Over the course of the last year, the logging stack of our telemetry setup was reworked such that now we have an ELK stack running on Kubernetes with Kibana being accessible at telemetry.terasology.org. While Kibana provides a lot of functionality to draw information from collected warning and error logs, we only use the "Discover" mode at the moment, if at all.

Your Project

** Introducing Analytical Views on Terasology Log Data**

As part of your proposal you should familiarize yourself with the ELK (Elasticsearch, Logstash, Kibana) stack, especially how Logstash parses incoming logs and how to query logs stored in Elasticsearch (e.g. using the Kibana Query Language (KQL)), and the logging in Terasology. Your proposal should include suggestions on how to analyze collected log data in a meaningful way, for instance using dashboard elements aggregating data or putting information into relation to detect patterns and anomalies and identify possible causalities, and changes that might be required within Terasology, for instance to the log format or the selected data that is sent.

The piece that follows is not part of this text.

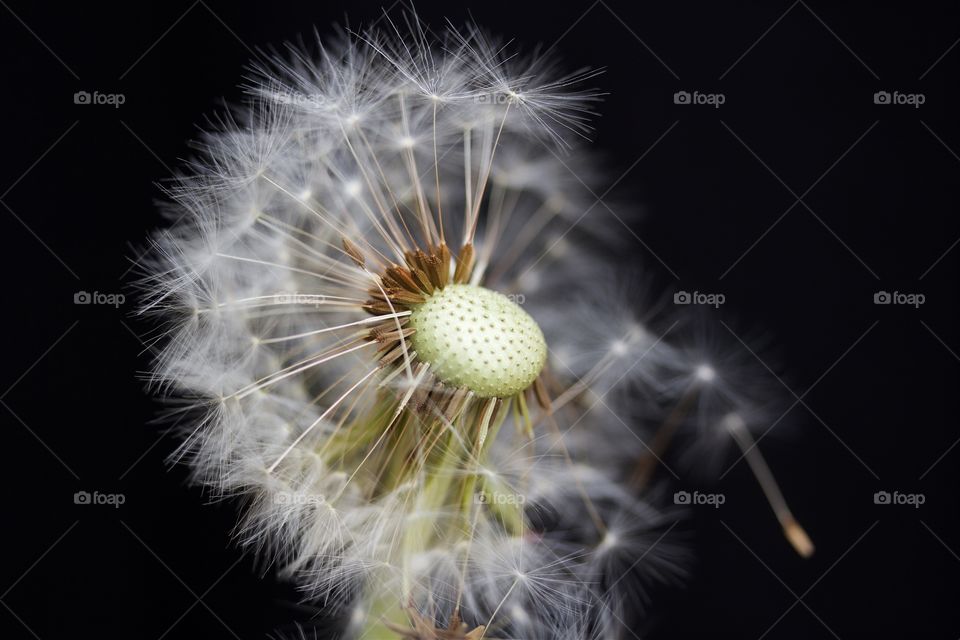 dried dandelion macro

Helpful Links Setup Elastic Search, Kibana https://www.elastic.co/guide/en/elastic-stack-get-started/current/get-started-elastic-stack.html

Overview of Logstash (video) https://www.elastic.co/webinars/getting-started-logstash?baymax=rtp&elektra=docs&storm=sidebar1

Setup Logstash https://www.elastic.co/guide/en/logstash/current/installing-logstash.html

Directory structure for different installations https://www.elastic.co/guide/en/logstash/7.11/dir-layout.html

Familiarise yourself with various kibana visualizations. https://www.elastic.co/guide/en/kibana/current/dashboard.html

At this point, you should be able to create a basic pipeline that takes input from a file and outputs it to elastic search which you can view from kibana along with a simple dashboard that you’ve created.

Once you’re familiar with the ELK side of things, you might want to familiarise yourself with the telemetry system we have in game. https://github.com/Terasology/TutorialTelemetry https://github.com/Terasology/TutorialTelemetry/wiki https://github.com/GabrielXia/telemetry/wiki

Your project will include:

  • producing test data
  • configuring Kibana, Elasticsearch and Logstash
  • designing and configuring a suitable log format
  • integrating more types of log information to analyze with the collection
  • GDPR and Data Privacy and Protection (DPP) compliance
  • Lifecycle policy management,
  • Right to be forgotten (figuring out a way to delete logs of a particular user)
  • Anonymizing information.
  • Tying sessions together by generating a random UUID for each session
  • Visualizations that provide interesting insights that might be useful to the community - Try and ask people working on different aspects of the game about what would benefit them.

Basic experience with the ELK stack or other logging / analytics frameworks is recommended. Knowledge about DPP is beneficial.